The required output is the exact run of lines from the one bearing "CENTURION No Pogo" through the final line of the listing below, with the pictures removed.

[Records supplied]

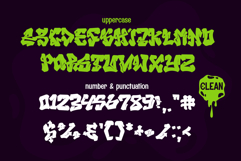 Melttrax |Graffiti Font with Dripping Style | Halloween Font Product Image 7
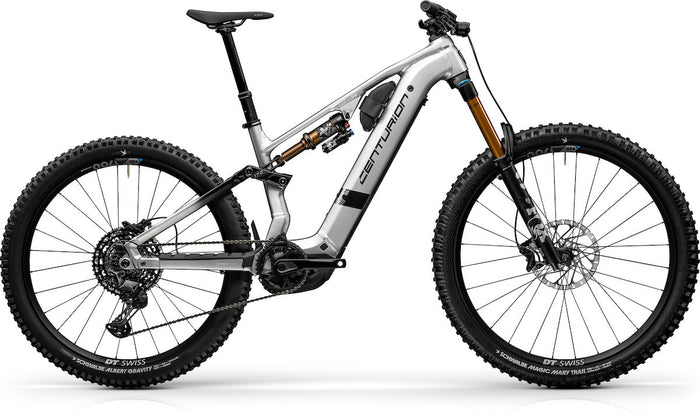 CENTURION No Pogo R3000 EP4 – E-MTB Fully, Bosch Performance Line CX, 800 Wh, Silvershine/Schwarz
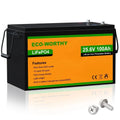 ECO - WORTHY 24V 100Ah Lithium Iron Phosphate Battery - Off Grid Stores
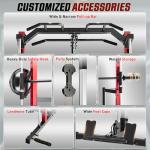 6-in-1 Adjustable Weight Bench with Squat Rack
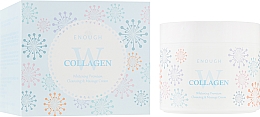 Массажный осветляющий крем с коллагеном для тела Enough W Collagen Whitening Premium Cleansing & Massage Cream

[/Records supplied]

▶ Answer to the exercise:
 CENTURION No Pogo R3000 EP4 – E-MTB Fully, Bosch Performance Line CX, 800 Wh, Silvershine/Schwarz
 ECO - WORTHY 24V 100Ah Lithium Iron Phosphate Battery - Off Grid Stores
 6-in-1 Adjustable Weight Bench with Squat Rack
 Массажный осветляющий крем с коллагеном для тела Enough W Collagen Whitening Premium Cleansing & Massage Cream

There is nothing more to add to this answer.